- Lindsay lives in Hyde Park, Chicago. She has a high recidivism rate as a student at the University of Chicago.
Like most schools, my alma mater donated a fraction of its undergrads to the national party following the killing of Osama bin Laden. Being the opposite of a party school, the University of Chicago’s response was no match for, say, Penn State’s riotous street party, but nonetheless (according to an article in our student paper), one fraternity’s members “marched, chanting and singing patriotic songs” to a local bar to celebrate and planned a party for the following night, “America!!! F*CK YEAH!!!” The accompanying picture of two dozen or so exuberant undergrads decked out in red, white, and blue made me feel slightly ill, which, according to Jonathan Haidt’s editorial in the New York Times last week (“Why We Celebrate a Killing,” 5/7/11) classes me with those who “[missed] all that was good, healthy and even altruistic about last week’s celebrations.” Agreed. But I believe in the end that it’s Haidt’s argument that is missing something essential — specifically, a legitimate step from our tribal evolutionary heritage to a moral justification for any modern expression of that heritage.
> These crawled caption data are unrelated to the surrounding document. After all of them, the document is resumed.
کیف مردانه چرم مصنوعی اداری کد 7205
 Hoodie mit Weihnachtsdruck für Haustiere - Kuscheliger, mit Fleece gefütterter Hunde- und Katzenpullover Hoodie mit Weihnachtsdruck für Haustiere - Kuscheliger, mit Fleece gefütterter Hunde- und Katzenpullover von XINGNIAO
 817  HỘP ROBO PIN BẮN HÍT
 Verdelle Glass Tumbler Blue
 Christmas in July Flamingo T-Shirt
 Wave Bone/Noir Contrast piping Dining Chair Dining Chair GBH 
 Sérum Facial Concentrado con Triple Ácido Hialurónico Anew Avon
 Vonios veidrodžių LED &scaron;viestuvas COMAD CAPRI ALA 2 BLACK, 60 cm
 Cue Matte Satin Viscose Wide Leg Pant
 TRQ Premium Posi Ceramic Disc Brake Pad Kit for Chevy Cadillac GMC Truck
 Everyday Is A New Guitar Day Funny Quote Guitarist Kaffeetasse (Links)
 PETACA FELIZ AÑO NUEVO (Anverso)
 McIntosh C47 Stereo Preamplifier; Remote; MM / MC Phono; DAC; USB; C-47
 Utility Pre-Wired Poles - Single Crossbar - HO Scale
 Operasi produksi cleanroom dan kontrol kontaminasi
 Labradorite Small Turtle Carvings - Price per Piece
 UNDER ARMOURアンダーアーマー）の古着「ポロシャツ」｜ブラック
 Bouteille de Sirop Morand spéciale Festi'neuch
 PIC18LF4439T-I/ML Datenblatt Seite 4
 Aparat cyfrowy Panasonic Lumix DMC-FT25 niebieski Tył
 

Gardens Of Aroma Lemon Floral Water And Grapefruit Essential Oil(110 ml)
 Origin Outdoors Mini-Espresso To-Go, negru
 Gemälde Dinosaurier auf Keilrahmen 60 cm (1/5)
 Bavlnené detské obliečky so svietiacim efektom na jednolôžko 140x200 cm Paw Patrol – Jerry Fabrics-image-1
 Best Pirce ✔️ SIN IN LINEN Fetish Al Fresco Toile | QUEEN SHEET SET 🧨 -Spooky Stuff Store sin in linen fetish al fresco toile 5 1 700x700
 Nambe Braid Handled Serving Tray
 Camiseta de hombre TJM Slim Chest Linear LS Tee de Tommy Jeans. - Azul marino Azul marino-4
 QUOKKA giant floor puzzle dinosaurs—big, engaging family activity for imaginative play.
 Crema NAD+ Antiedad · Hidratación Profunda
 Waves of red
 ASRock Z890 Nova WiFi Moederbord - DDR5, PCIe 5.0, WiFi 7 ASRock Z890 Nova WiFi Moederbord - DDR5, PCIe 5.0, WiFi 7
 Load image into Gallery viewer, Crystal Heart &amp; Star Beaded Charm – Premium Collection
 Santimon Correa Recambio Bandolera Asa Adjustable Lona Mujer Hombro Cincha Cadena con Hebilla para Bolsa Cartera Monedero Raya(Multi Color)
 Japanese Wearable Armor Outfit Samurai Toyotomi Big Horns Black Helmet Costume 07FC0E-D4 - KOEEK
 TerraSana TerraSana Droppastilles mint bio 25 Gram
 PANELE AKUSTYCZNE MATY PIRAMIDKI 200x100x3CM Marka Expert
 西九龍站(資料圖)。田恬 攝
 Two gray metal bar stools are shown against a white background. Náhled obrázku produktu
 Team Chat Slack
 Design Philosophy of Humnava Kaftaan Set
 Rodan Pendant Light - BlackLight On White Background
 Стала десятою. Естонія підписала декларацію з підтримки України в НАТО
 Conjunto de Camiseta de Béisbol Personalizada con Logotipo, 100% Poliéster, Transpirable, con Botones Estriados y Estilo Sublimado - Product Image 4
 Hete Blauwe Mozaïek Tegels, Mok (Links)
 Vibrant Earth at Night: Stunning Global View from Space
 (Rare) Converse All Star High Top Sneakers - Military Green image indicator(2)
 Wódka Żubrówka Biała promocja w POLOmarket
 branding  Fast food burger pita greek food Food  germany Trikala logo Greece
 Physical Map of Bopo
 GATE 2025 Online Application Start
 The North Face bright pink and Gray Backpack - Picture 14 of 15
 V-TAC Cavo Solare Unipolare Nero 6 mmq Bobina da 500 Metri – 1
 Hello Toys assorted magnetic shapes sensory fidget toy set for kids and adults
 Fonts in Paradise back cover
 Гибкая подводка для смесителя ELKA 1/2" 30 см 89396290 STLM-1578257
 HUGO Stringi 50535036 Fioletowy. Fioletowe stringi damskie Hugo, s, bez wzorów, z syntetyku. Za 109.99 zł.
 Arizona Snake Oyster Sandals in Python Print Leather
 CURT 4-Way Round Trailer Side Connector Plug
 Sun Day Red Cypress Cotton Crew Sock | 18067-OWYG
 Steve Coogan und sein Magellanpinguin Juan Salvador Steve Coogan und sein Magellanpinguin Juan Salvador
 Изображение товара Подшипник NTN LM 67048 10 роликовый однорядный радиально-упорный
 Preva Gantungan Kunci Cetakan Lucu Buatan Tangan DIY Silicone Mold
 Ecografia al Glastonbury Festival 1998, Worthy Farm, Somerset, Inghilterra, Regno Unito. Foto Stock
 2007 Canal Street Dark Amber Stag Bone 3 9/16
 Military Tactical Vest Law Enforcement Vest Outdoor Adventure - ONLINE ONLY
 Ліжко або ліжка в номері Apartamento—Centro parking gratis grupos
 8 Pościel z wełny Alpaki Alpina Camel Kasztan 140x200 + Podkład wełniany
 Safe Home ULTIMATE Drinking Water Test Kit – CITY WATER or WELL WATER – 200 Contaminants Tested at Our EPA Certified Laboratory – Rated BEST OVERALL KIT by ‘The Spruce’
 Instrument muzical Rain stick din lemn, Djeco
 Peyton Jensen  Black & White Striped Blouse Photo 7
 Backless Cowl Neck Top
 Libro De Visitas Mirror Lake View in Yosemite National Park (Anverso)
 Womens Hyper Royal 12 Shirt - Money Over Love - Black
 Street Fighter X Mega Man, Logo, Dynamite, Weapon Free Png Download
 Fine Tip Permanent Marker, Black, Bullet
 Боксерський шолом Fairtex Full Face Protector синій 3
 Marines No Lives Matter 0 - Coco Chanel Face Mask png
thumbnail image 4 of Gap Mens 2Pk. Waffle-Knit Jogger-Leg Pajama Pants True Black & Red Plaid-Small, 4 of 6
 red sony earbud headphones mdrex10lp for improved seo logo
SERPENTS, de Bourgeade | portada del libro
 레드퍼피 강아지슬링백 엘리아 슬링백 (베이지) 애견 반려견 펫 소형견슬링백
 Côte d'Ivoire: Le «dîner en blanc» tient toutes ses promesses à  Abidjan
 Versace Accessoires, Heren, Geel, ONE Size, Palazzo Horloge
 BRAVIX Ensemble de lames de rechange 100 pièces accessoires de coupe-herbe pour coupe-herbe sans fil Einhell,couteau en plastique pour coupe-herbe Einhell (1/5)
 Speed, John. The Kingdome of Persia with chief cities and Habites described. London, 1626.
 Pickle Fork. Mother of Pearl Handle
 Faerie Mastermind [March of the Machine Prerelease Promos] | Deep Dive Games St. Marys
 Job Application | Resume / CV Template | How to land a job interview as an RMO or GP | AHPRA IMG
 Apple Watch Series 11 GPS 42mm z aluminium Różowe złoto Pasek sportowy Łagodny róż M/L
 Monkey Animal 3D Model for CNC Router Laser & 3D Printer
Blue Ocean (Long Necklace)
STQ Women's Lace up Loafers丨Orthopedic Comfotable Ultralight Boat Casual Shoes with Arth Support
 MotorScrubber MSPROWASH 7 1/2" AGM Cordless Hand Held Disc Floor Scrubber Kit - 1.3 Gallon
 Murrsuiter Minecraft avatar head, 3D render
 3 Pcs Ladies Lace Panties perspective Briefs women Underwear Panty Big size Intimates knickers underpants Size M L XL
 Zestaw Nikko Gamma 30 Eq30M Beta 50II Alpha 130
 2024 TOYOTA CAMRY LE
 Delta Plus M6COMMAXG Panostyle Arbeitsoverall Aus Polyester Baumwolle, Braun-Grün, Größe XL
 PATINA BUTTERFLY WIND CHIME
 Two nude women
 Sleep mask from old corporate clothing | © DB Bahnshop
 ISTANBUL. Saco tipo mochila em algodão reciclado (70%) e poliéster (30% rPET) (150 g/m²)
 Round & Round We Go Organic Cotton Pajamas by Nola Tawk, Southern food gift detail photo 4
Haidt argues that (a) the post-ObL celebrations exemplified what Durkheim called “collective effervescence” — the strong, ego-dissolving emotion that allows individuals to experience themselves as part of the group (in this case, the tribe of America), and (b) we therefore should embrace this kind of response as good and perhaps even necessary for us to “[step] out of [our] petty and partisan selves” and act in service to something larger.
I believe that (a) is more or less correct, and (b) is dangerously wrong.